> _What the exercise asks_
Give back the whole listing exactly as shown.

> _Collected data_
============

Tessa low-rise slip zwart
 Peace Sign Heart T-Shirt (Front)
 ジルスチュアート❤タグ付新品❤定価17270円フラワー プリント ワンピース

============

> _Reply to the task_
Tessa low-rise slip zwart
 Peace Sign Heart T-Shirt (Front)
 ジルスチュアート❤タグ付新品❤定価17270円フラワー プリント ワンピース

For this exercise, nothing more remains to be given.